Уже глубоко после полудня я словно пробудился ото сна, в котором не хотелось ни есть, ни пить, и почувствовал, что мой дух начал уставать при виде такого изобилия картин. И все же я не мог от них оторваться, поступая со своим временем, как скряга. Не давая себе ни минуты отдыха, я продолжал бродить по улицам и площадям.
Но вскоре мне показалось, будто шагать вновь стало легче и город как будто изменился. Вместе с тем изменилось и мое зрение: если до сих пор я расточал свои взгляды на новое и незнакомое, то теперь образы и картины, играя, сами проникали в меня. Теперь они казались мне очень знакомыми, казались моими собственными воспоминаниями и созвучиями. Я сам настраивался на них, подобно тому, кто, прогуливаясь с дирижерской палочкой, размахивает ею в разные стороны и извлекает из мира музыку.
Теперь у меня было чувство, будто меня принимают у себя богач и бедняк, и даже нищий, попросивший у меня подаяние, оказал мне самому услугу, подтвердив, что так оно и есть. Когда перед моим взором открывался амфитеатр города, я понимал, что над таким сооружением, как над ульем, должно было потрудиться не одно поколение, причем оно должно было быть порождением одного и того же духа, похожим на ночную грезу, а не только на людское жилище. Раковины тоже мучительно долго накапливают перламутровые слои – и все же ценятся совсем не поэтому.
Сидя вечером в одном из кафе на Копакабане, я размышлял об этих вещах. Мне казалось, что эхо доносится не только до слуха, но и до глаз, – картины, которые мы наблюдаем, тоже рождают в нас рифму. И как эхо раздается лишь в особых местах, так и здесь красота вызывает самый сильный отзвук.

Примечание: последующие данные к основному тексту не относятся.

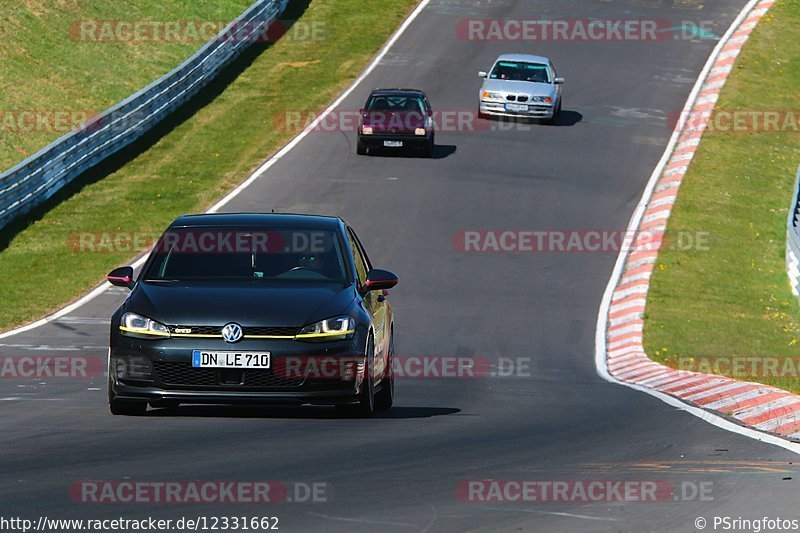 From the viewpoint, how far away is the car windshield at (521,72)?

Проще и основательнее это можно выразить так: проникновенный радостный взгляд, которым мы смотрим на картины, есть наша жертва, и от того, насколько она велика, зависит ответ.
Торговец рыбой
Азоры – это цепочка вулканов, которая возвышается на самом краю Европы. С раннего утра я был уже в пути – ходил по садам, где глазу открываются цветы какого-то нового мира, по полям, окруженным темными стенами лавы, и по высокой лавровой роще. Лишь когда солнце встало прямо над головой, я возвратился обратно в гавань.
Улицы покоились в полуденном свете; издалека доносился веселый, часто повторяемый крик, и я загорелся желанием последовать за ним. Вскоре я встретил одного оборванца, ходившего то вверх, то вниз с тяжелым грузом уже уснувшей рыбы по узким вымершим переулкам, в которых не было ни тенистых драцен, ни араукарий. Я шел прямо вслед за ним так, чтобы он меня не видел, и радовался его чудесному, богатому гласными крику. Он выкрикивал какое-то неизвестное мне португальское слово, вероятно, название рыб, которых он нес. Но мне казалось, будто он еще что-то тихо прибавлял к нему, и потому я приблизился настолько, что превратился в тень.
Теперь я действительно услышал, что он, прервав свой далеко разносившийся крик, еще долго шепотом бормотал себе что-то под нос, вероятно моля о пропитании или проклиная усталость. Ибо никто не вышел из домов, не отворилось ни одно окно.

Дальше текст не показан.